27/09/2025

Porque eu, porque ele

Amadora, 27 de Setembro 2025


Amadora, 27 de Setembro 2025


Nuvens, pássaros, telhados. Por esta ordem  alinha-se e prolonga-se a paisagem fora de mim.

Dentro, é diferente: um deserto minúsculo. Dou dois passos e já estou na juventude.

Mais dois, e entro na sala de aula, na profunda infância. O movimento é vertical, em queda.

Logo retorno aos sons e cheiros que já não existem. E por isso mesmo existem, mas agora através da sua ausência definitiva.

Não são apenas as pessoas que morrem à nossa volta. Morrem também os cheiros, os paladares, as sensações em geral. 

Pergunto ao corpo pelo cheiro da cera no chão; pelo sabor do arroz de bacalhau; pela sinfonia romântica de uma manhã de nevoeiro em Peniche.
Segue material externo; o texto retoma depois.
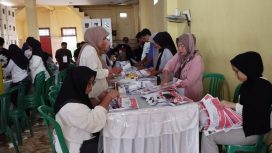 Para petugas melakukan pekerjaan sortir dan lipat surat suara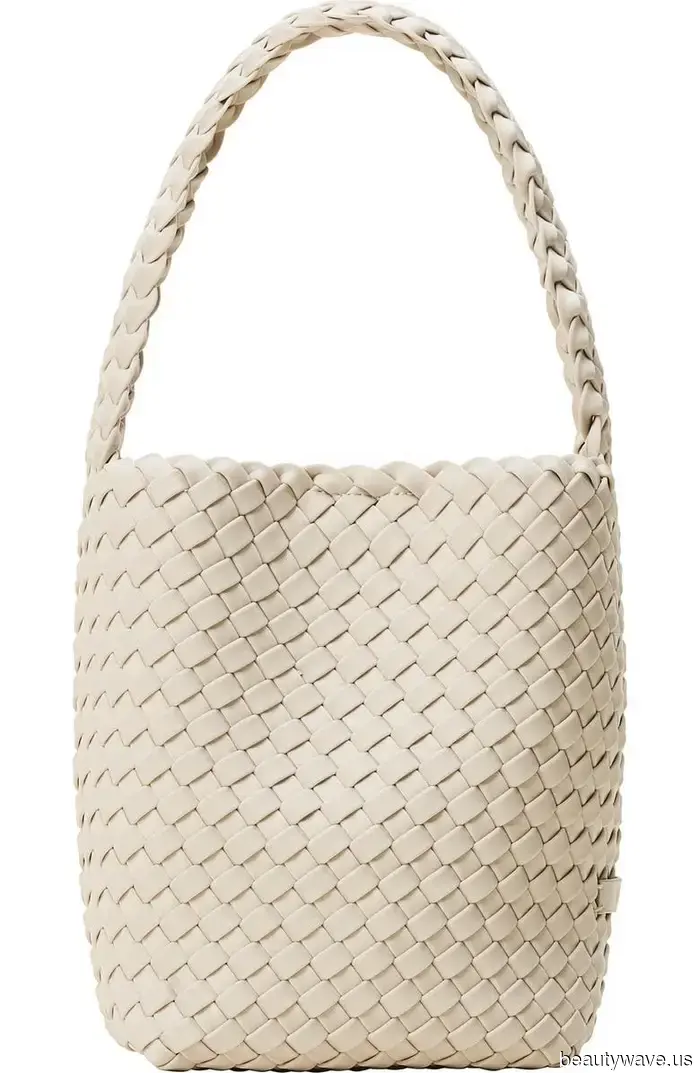 Если бы стильная французская женщина делала покупки на распродаже в Nordstrom в конце сезона, вот 35 товаров, которые она добавила бы в свою корзину.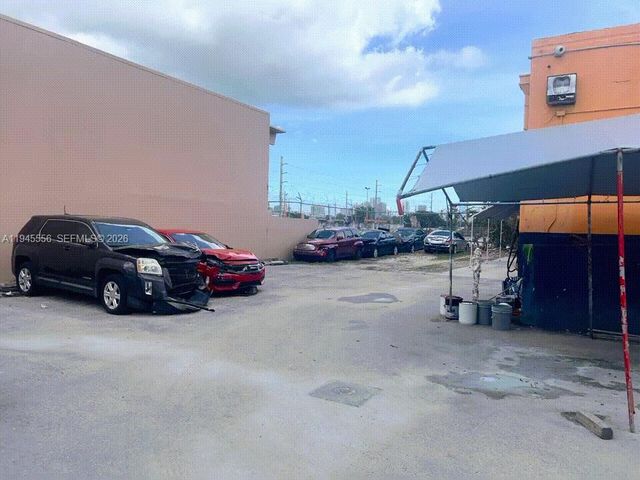 2005 NW 10th Ave, Miami, FL 33127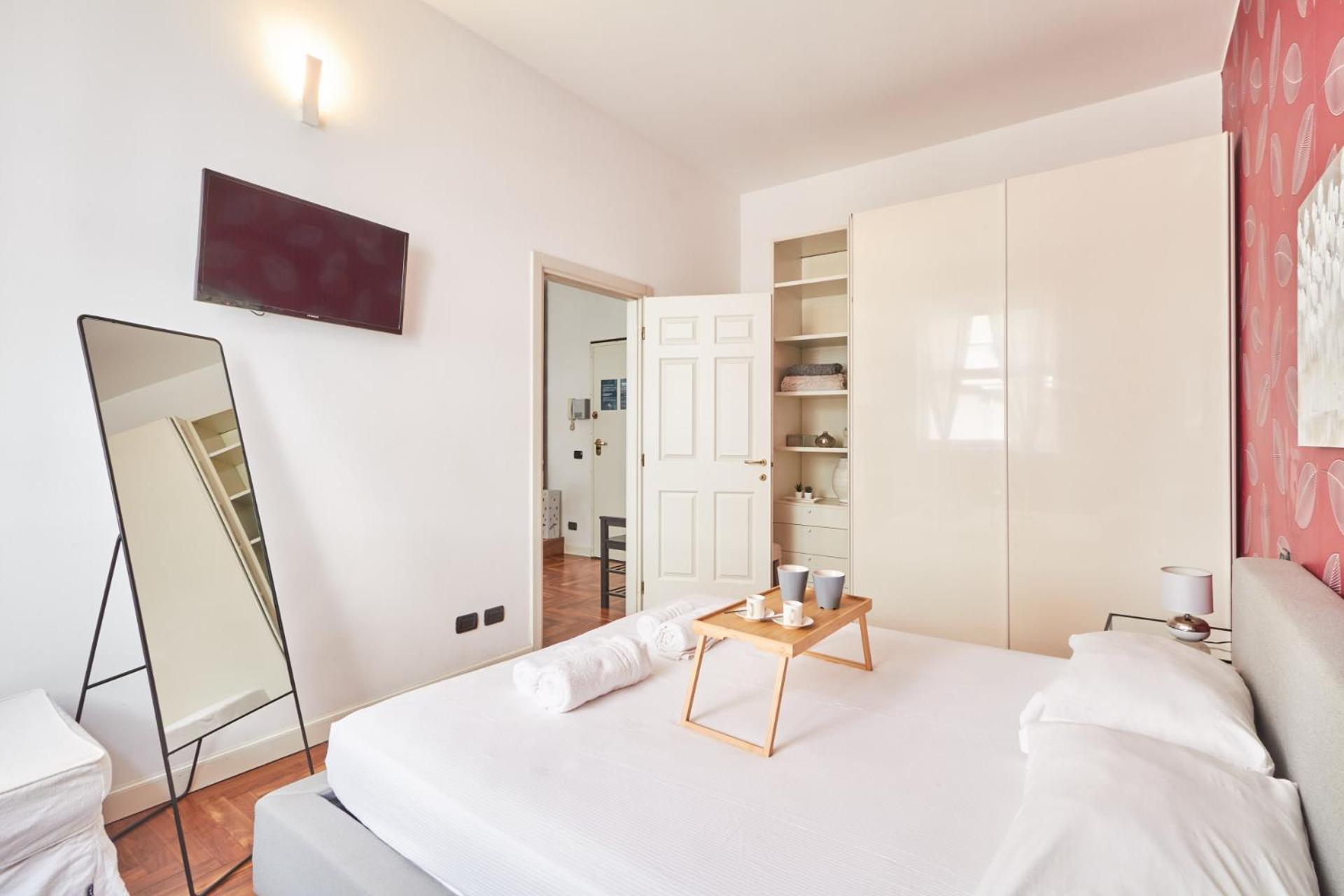 Apartment Easylife - Raffinato In Duomo Milan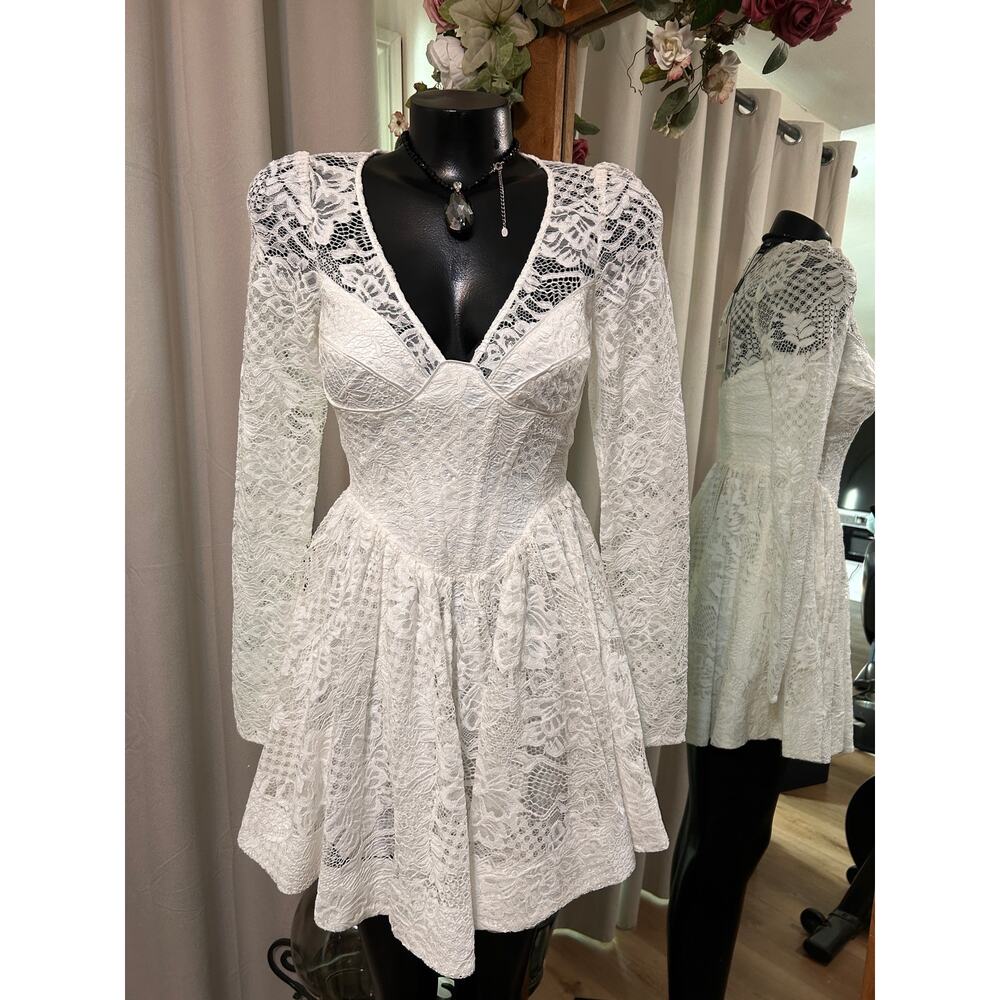 Bardot NWT Ellie Lace Corset Long Sleeve Mini Dress Ivory White Sz S MSRP $169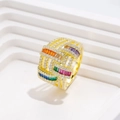 Anello largo a trama in argento 925 placcato oro 18k con zirconi arcobaleno - US 6 / Oro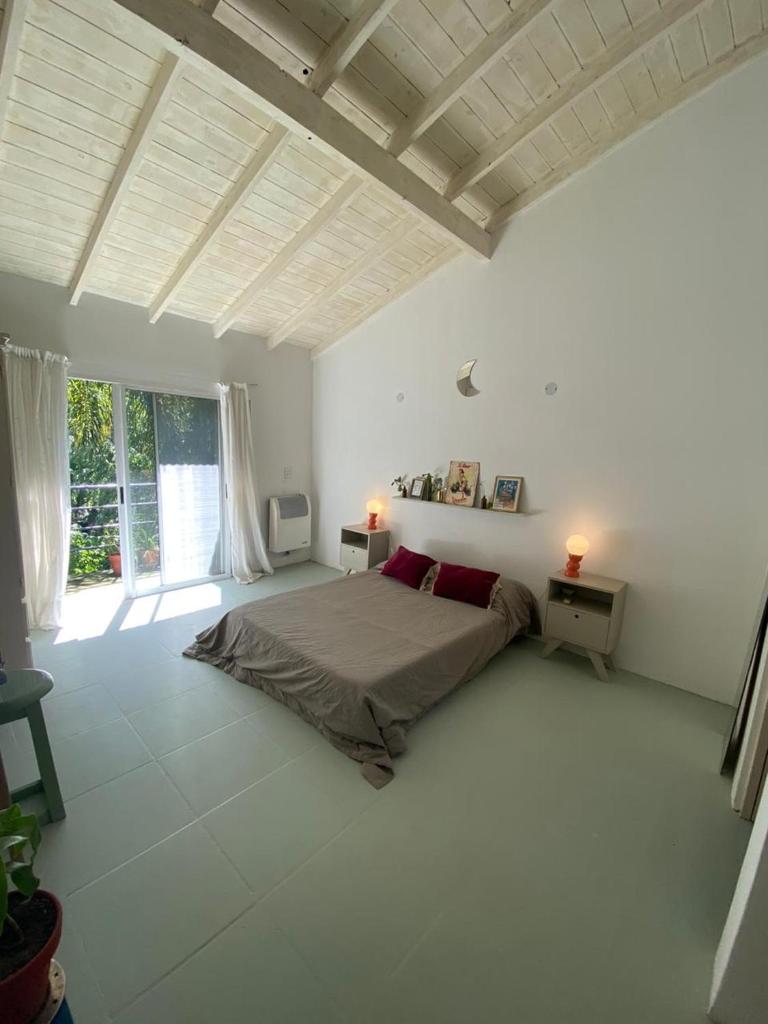 Departamento 2 ambientes con gran jardin y mucho verde en la Ribera
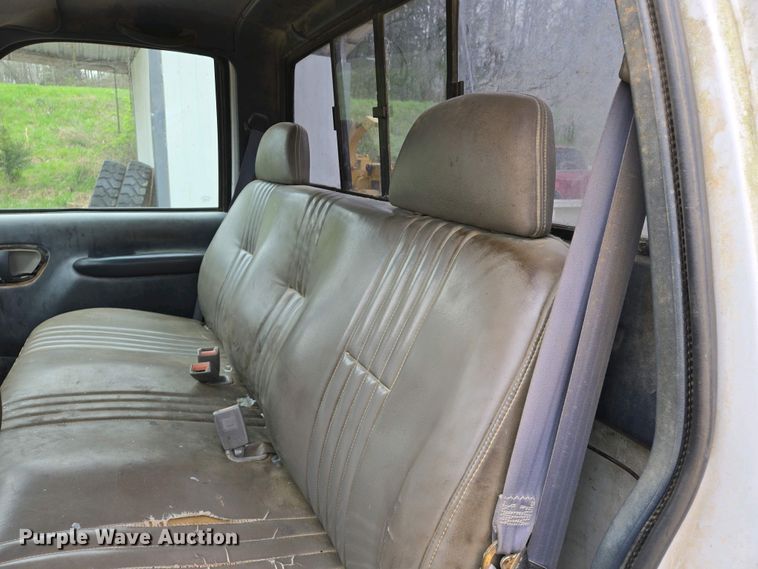 image for item EJ7447 1995 Chevrolet K1500 pickup truck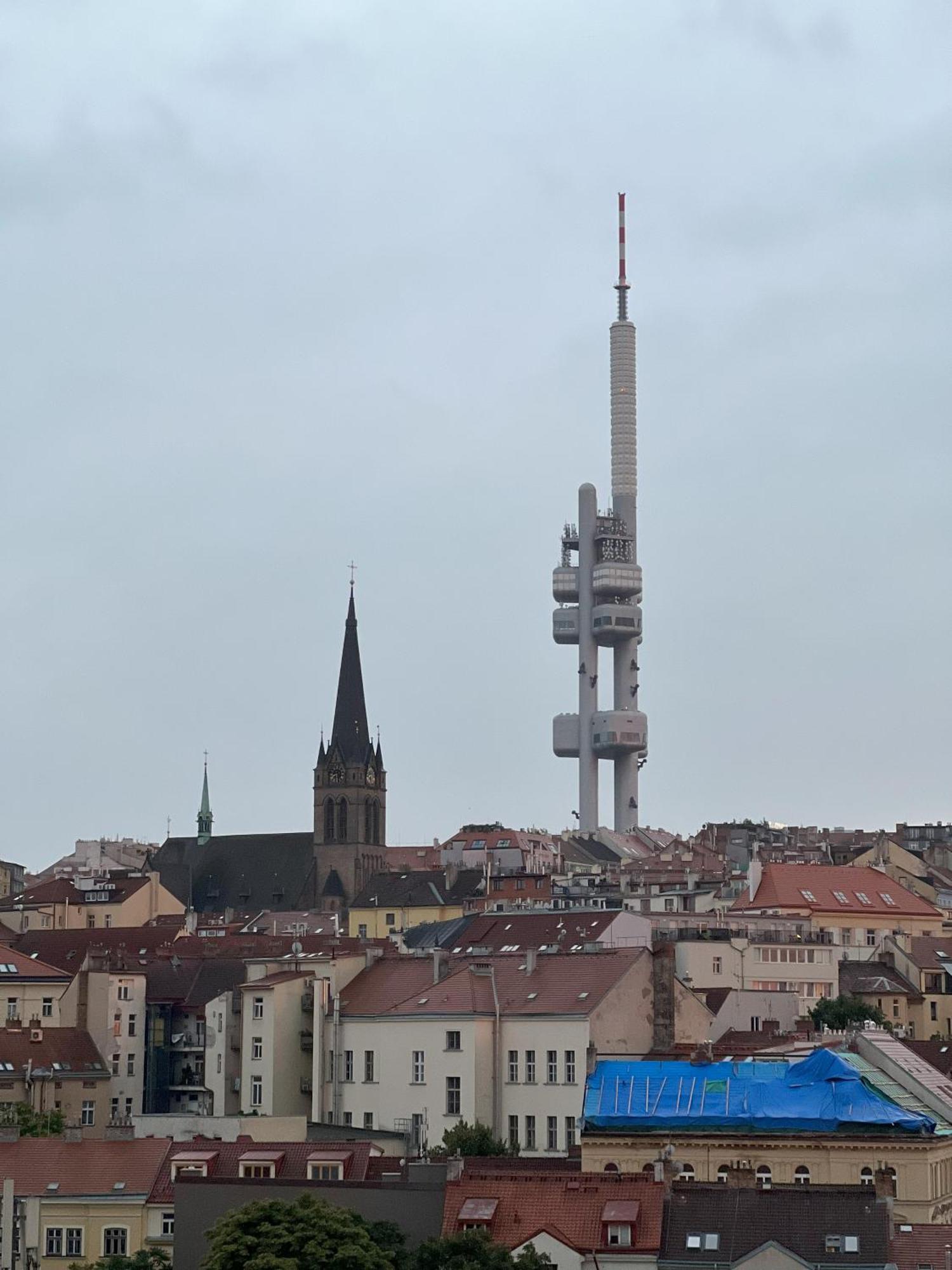 Cozy Garden Apartment In The Heart Of Praag Buitenkant foto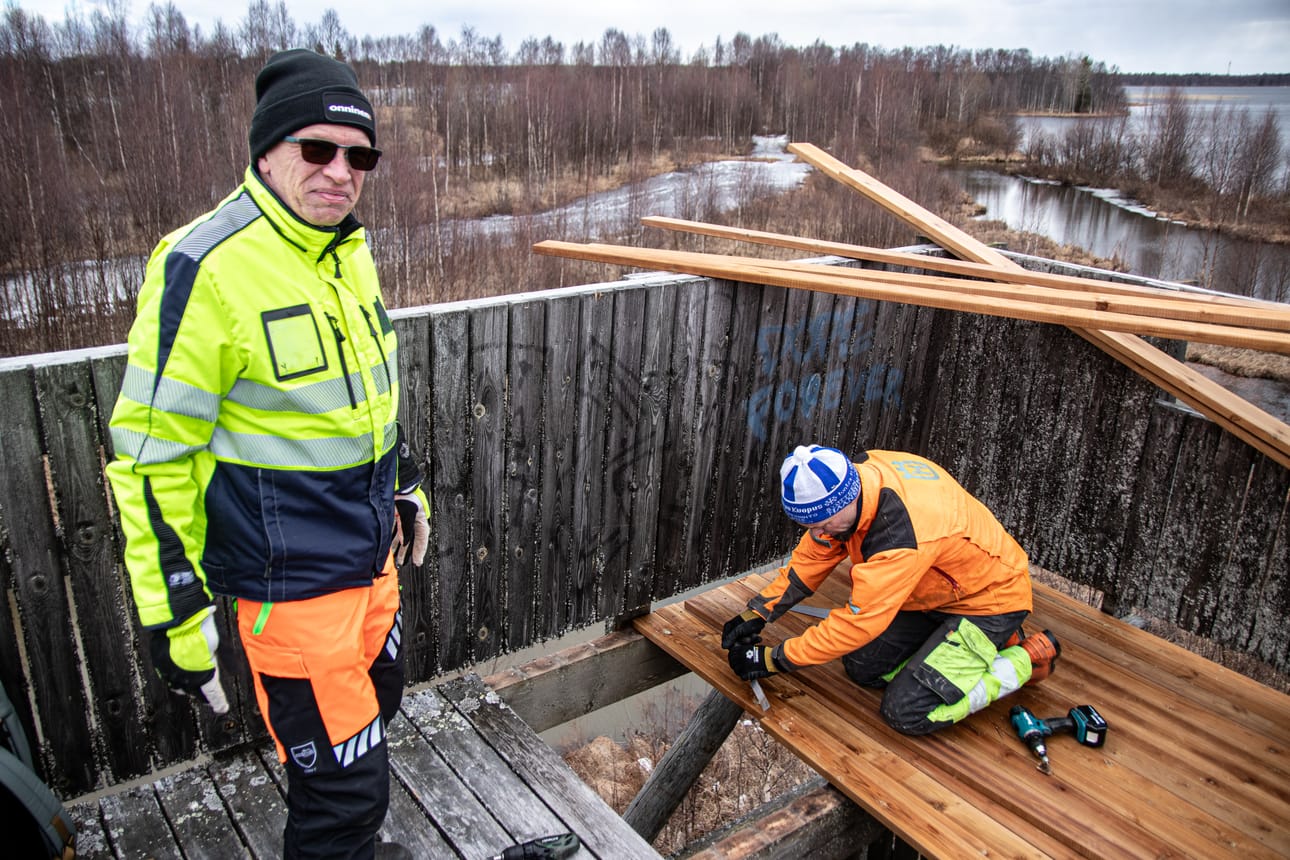 Jukka Myllylä (vas.) ja Antti Lehtoaho vaihtoivat perjantaina koko tähystystornin lattian.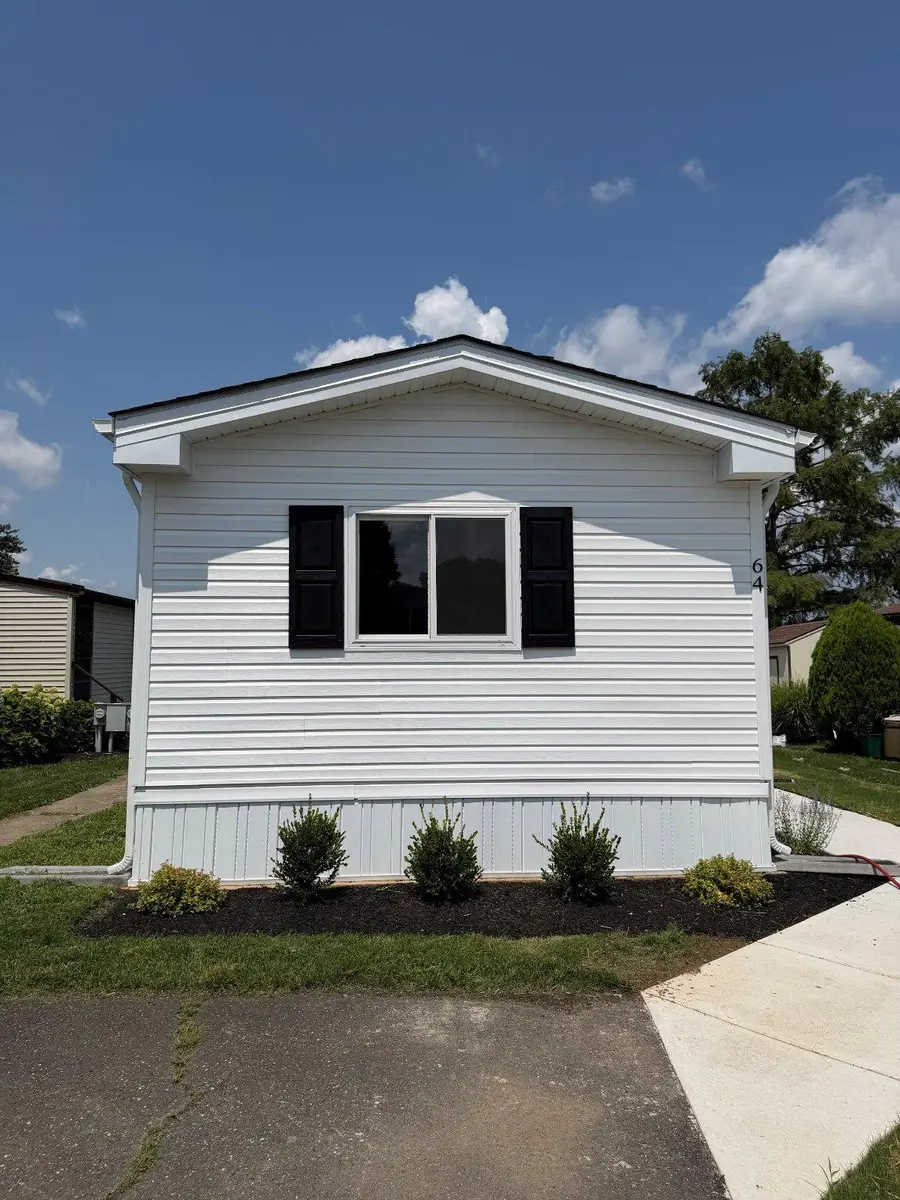 64 Longwood Pl, North Wales, PA 19454 - #2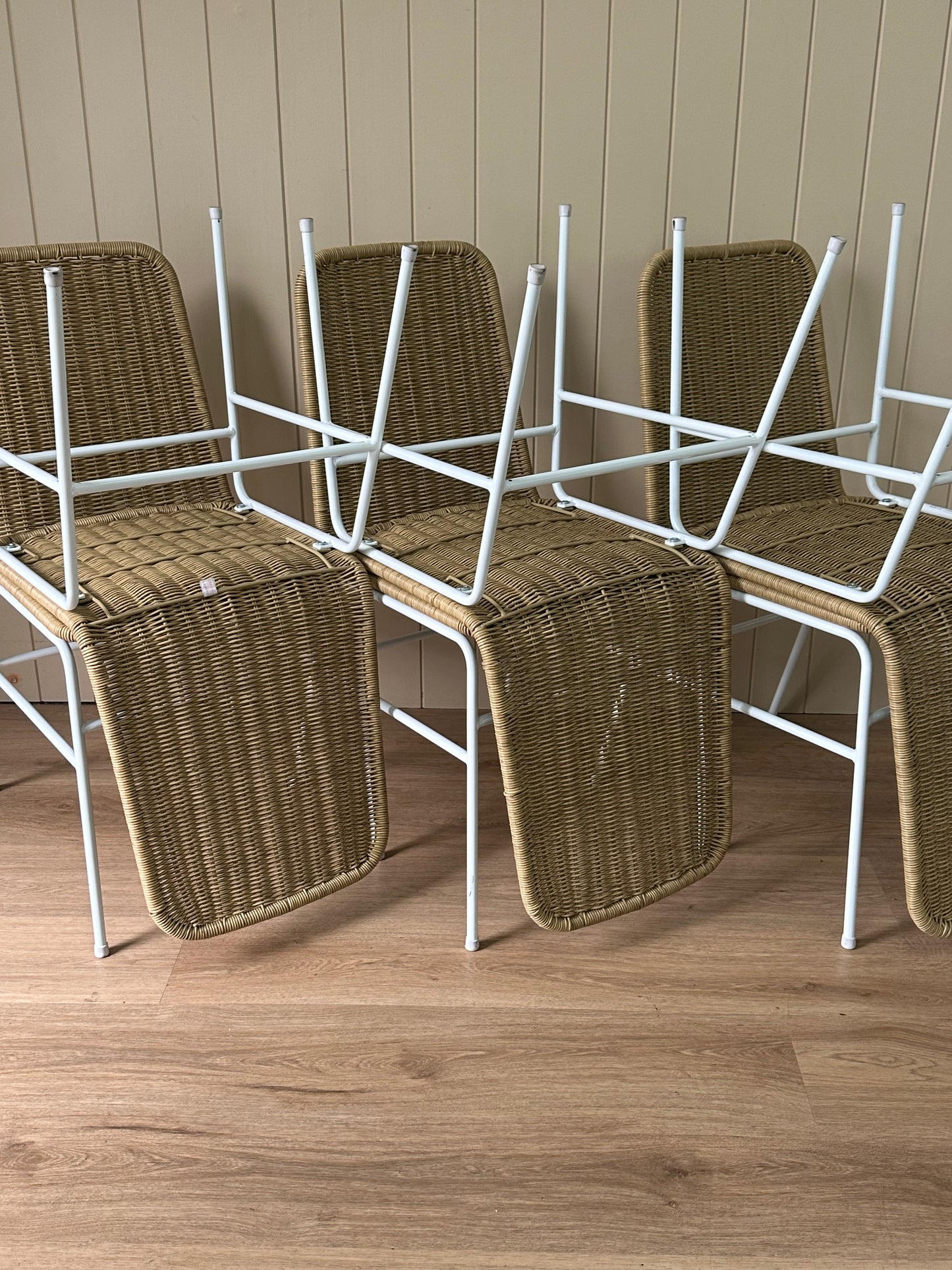 6x Plastic Rattan Dining Chairs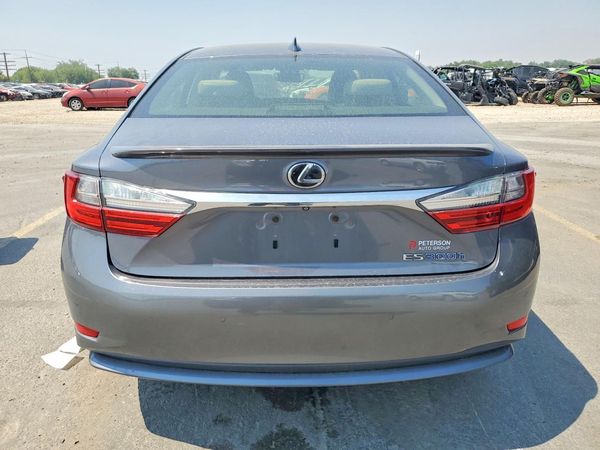 2016 LEXUS ES 300h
Mas pior do que isso é esquecer a cruz, os cravos a romper os tecidos da mão, os buracos das lanças no lombo,o pano encharcado em vinagre nas trombas.

Há pouca dor, muita distração e analgésicos.

É normal que prefiramos a anestesia. E depois…

Depois de nos aliviarmos da nossa dor, é natural que não suportemos a dos outros.